4.2 CARACTERIZAÇÃO DO DESIGN THINKING NA PESQUISA

4.2.2 Praticabilidade

No vídeo 10, a gerente do posto avançado da Ematerce em Madalena/CE, Sra. Maria Lúcia Vitoriano de Lima, dá seu depoimento pessoal a respeito:

O projeto Mandalla, nós consideramos um projeto de grande incentivo para as famílias rurais do estado do Ceará. É um projeto de transição agroecológica e também voltado à pequenas famílias, aquelas que não tem uma condição de desenvolver atividades com grandes irrigações. É uma tecnologia de fácil acesso aos agricultores, posso assim dizer até que é uma tecnologia barata e que está de fato ao alcance dos nossos agricultores familiares. (AGÊNCIA MANDALLA, 2012a)

No que tange a viabilidade técnica e portanto ao critério da praticabilidade do estudo de caso, verificou-se que funcionalmente o sistema Mandalla DHSA é possível de ser utilizado pelas pessoas envolvidas e em qualquer lugar do Brasil, foi inclusive reconhecido e premiado em 2003 como tecnologia social pela Fundação Banco do Brasil. Existe um know-how no processo, fruto de pesquisa, desenvolvimento e realizações práticas, que é transmitido e ensinado através das capacitações oferecidas pela Agência Mandalla quando existe um projeto acontecendo.

Por ser possível e funcionar, é que desde o início os agricultores, aprendizes, já são incentivados a aprender na prática, e a começar a produzir, para se apropriar

do conhecimento e do processo. Durante a entrevista com o Sr. Willmar, ele contou que:

“[...] nós conversamos e explicamos que ninguém vai entregar uma Mandalla pronta, e que o processo é de capacitação e aprendizado prático, [...] vamos trabalhar para treinar e capacitá-los, para que você possa aprender como é o processo e a partir daí se você quiser modificar, modifique, mas desde que você tenha entendido. Porque chegar lá com tudo pronto e não saber o processo de montagem do sistema de irrigação, do funcionamento da bomba, de fazer os canteiros, e nem de fazer adubação em nada, de que que adiantou? Então, ninguém tá aqui para tampar buraco, mas para fazer com que vocês possam aprender e nesse aprendizado se gabaritar para conseguir tocar o seu próprio futuro, independentemente da gente estar presente ou não, por isso que o processo é de treinamento contínuo. Todas as etapas dos treinamentos são feitos na prática, então você não vai falar, vai fazer e falando e depois a gente apresenta as cartilhas, para eles ficarem com esse material.” (Willmar – entrevista 2)

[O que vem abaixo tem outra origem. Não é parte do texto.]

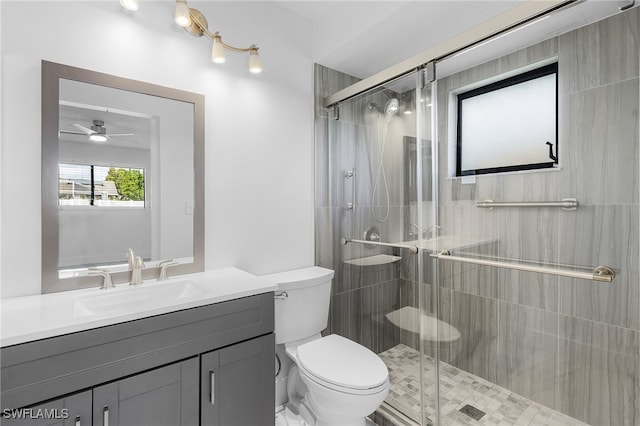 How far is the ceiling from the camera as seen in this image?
4.70 feet

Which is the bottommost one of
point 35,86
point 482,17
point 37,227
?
point 37,227

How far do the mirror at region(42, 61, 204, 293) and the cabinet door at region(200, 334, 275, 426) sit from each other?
22.1 inches

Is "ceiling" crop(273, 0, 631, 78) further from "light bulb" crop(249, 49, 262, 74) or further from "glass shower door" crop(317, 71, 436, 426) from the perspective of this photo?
"light bulb" crop(249, 49, 262, 74)

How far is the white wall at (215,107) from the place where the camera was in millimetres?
1230

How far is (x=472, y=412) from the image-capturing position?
5.64 ft

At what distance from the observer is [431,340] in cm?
171

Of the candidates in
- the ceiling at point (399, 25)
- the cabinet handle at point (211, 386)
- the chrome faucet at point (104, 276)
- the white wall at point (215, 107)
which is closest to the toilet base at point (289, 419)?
the cabinet handle at point (211, 386)

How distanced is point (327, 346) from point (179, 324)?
87 cm

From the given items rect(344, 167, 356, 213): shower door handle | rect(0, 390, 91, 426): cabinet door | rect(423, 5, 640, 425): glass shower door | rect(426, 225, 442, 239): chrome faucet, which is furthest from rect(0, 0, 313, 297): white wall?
rect(423, 5, 640, 425): glass shower door

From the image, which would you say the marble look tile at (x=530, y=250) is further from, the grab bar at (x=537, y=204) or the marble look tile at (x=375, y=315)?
the marble look tile at (x=375, y=315)

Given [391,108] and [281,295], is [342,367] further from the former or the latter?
[391,108]

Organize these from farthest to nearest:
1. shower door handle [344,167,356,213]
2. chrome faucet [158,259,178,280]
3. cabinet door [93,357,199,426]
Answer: shower door handle [344,167,356,213]
chrome faucet [158,259,178,280]
cabinet door [93,357,199,426]

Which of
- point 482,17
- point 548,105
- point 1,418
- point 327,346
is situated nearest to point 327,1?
point 482,17

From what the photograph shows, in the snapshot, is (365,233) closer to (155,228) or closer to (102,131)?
(155,228)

E o pessoal sai mesmo fazendo, nas suas localidades, e a equipe da Mandalla fica feliz quando “[...] agricultor mesmo dá treinamento para agricultor, isso é que é massa da coisa, porque você cria esse capital humano e gera independência” (Willmar – entrevista 7).

O Sr. José Paulo confirmou também a ênfase dada à prática por ser considerada uma tecnologia social:

“Pegando um gancho, quanto a questão de participação, como é um processo, e sempre foi encarado dessa forma, de tecnologia social, então todo o processo Mandalla ao ser iniciado, é montado uma turma e levado para Cuité para ser feito na prática, e esse pessoal local voltar para suas localidades e fazer lá.” (José Paulo – Entrevista 1)

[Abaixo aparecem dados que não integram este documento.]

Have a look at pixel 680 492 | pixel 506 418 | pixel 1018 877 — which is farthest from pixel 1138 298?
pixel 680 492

O fato de existirem as parcerias para a realização dos projetos da Agência, é outro componente chave para tornar possível a praticabilidade das idéias do Sistema Mandalla DHSA. Um exemplo robusto foi a criação do centro de pesquisa e

desenvolvimento, Unicenter, situado na cidade de Cuité, interior da Paraíba, com o objetivo de promover o estudo e desenvolvimento de outras tecnologias sociais, e a praticabilidade das variações das Mandallas, oferecendo para que os agricultores que passam pelas capacitações, conhecer na prática, de verdade, e tirar dúvidas baseadas na realidade. José Paulo conta:

“Eu peguei justamente a fase em que a Mandalla estava ainda com parcerias da Bayer e da Pepsico, mas saiu da linha de beneficiar alguns poucos agricultores e foi para a linha de desenvolver o Unicenter, hoje a UniMandalla para poder ser realmente um centro de capacitação e desenvolvimento de novas tecnologias, foi quando toda a Mandalla foi para lá.” (José Paulo – Entrevista 1)

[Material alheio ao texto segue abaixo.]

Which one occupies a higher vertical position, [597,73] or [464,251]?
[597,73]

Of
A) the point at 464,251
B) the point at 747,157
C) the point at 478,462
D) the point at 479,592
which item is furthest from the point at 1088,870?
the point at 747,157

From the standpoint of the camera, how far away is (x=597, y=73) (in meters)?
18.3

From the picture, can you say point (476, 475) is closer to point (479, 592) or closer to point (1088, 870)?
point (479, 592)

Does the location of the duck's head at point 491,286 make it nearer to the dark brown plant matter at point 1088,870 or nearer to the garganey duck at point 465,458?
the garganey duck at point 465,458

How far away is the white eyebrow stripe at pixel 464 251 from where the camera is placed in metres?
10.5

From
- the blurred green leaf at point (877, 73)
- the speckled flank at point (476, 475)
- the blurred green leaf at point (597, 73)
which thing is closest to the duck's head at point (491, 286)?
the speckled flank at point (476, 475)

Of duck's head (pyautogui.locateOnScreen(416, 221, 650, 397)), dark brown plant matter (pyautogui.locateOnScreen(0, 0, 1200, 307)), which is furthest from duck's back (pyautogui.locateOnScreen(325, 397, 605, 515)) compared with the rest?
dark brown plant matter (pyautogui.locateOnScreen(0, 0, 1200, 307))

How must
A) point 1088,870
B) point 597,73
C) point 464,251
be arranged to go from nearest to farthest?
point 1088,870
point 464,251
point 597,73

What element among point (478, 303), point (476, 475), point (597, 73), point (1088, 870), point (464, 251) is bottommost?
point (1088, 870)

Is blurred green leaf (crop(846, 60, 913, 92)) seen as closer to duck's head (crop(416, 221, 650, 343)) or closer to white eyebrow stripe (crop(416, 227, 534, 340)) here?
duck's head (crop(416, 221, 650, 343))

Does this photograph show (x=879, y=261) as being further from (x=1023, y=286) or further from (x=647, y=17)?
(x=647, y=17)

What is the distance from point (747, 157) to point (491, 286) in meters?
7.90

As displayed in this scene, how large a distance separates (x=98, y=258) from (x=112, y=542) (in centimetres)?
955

Atualmente, comenta José Paulo,

“Não é uma regra trazer para o Unicenter, mas sempre que dá certo buscamos fazer assim, principalmente pelo fator de motivação e para que acreditem que é possível na prática. Além do vídeo entende como funciona na prática, e lá tem toda a estrutura própria para mostrar, tem Mandalla de todo tamanho, todos os tipos de bomba que está pensando em usar, tem a Jeriquita, a manual.” (José Paulo – Entrevista 1)

No sentido de evidenciar a importância da estratégia adotada de construir o Unicenter para também criar inovações, desenvolver tecnologias, o Sr. João Serafim de Sousa, técnico em agropecuária na cidade de Madalena/CE relata a dificuldade com a escassez de recursos e os benefícios com a Mandalla:

Uma das dificuldades que nós temos encontrado é a questão da água, a escassez de água, e que nem todos os projetos tem água suficientemente abundante. Então, para a função de técnico, o que nós pretendiamos era justamente isso, um projeto que fosse efetivo, que funcionasse, que viesse a ser global e bem diversificado como é o projeto Mandalla, que daqui o produtor retira o peixe para a alimentação, retira a galinha, o pato, ele tem na realidade as diversas culturas que tem aqui, a cenoura, a beterraba, o pimentão, o alface, a cebolinha, e isso é muito importante, pois além dele ter o alimento, ele vai ter uma renda extra, que é na realidade uma atividade produtiva e econômica. (AGÊNCIA MANDALLA, 2012a)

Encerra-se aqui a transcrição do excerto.